# [RAW DATA]
• • • • • • •
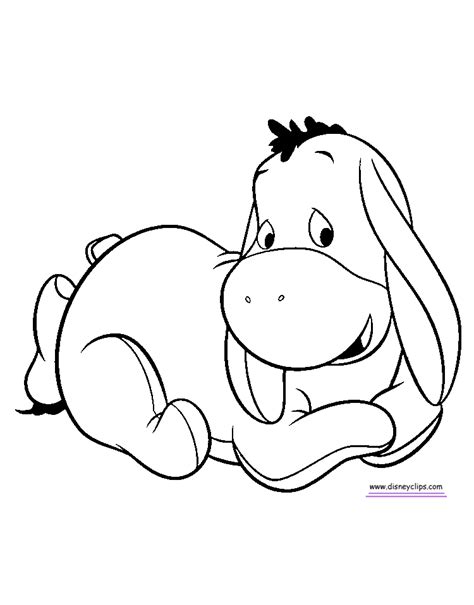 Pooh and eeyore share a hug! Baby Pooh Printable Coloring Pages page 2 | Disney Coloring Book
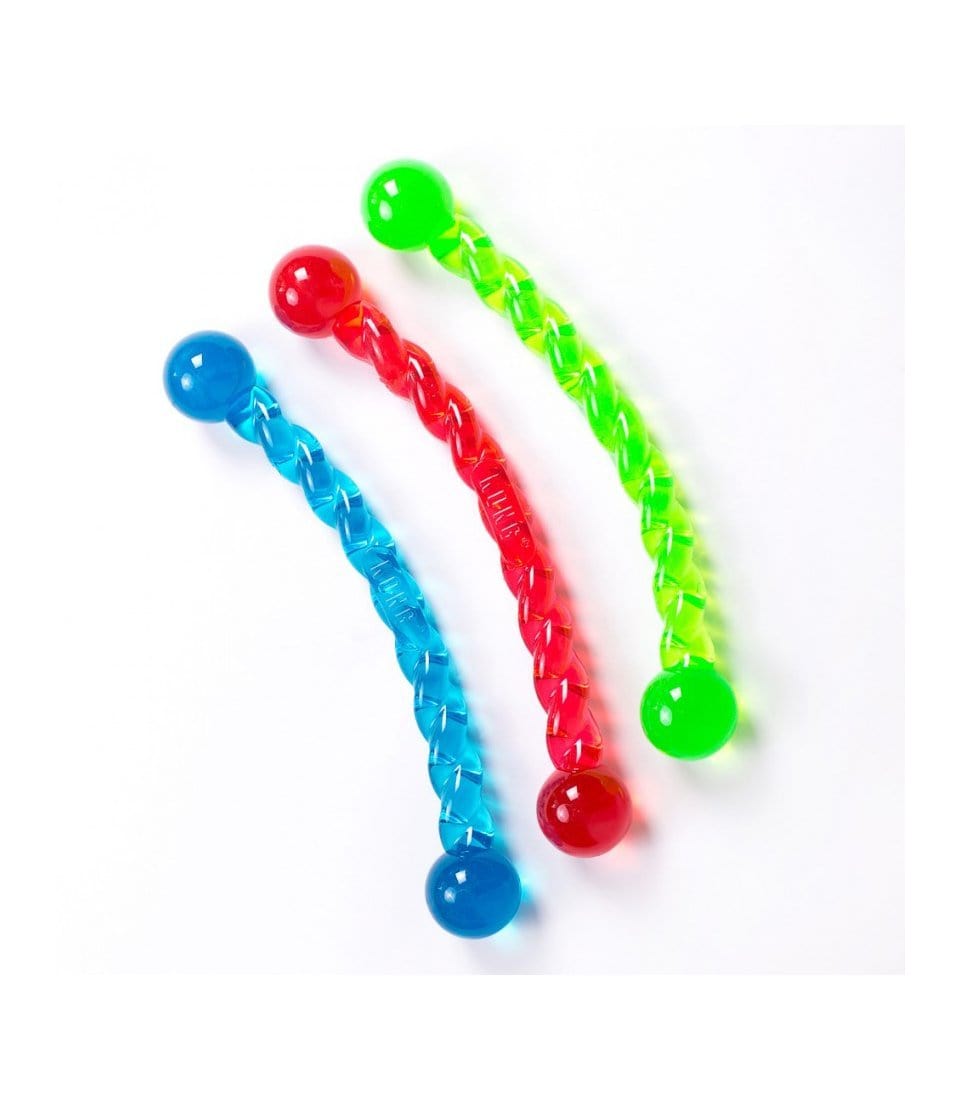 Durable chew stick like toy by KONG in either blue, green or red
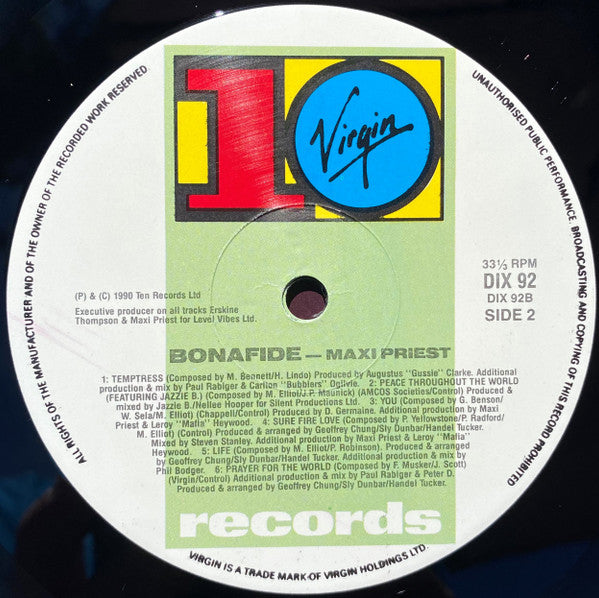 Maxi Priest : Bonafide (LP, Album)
• • • • • • •
# [ABOUT THIS TASK]
A faithful copy of all the data above, without its pictures, is the expected result.

# [ANSWER BOX]
 Pooh and eeyore share a hug! Baby Pooh Printable Coloring Pages page 2 | Disney Coloring Book
 Durable chew stick like toy by KONG in either blue, green or red
 Maxi Priest : Bonafide (LP, Album)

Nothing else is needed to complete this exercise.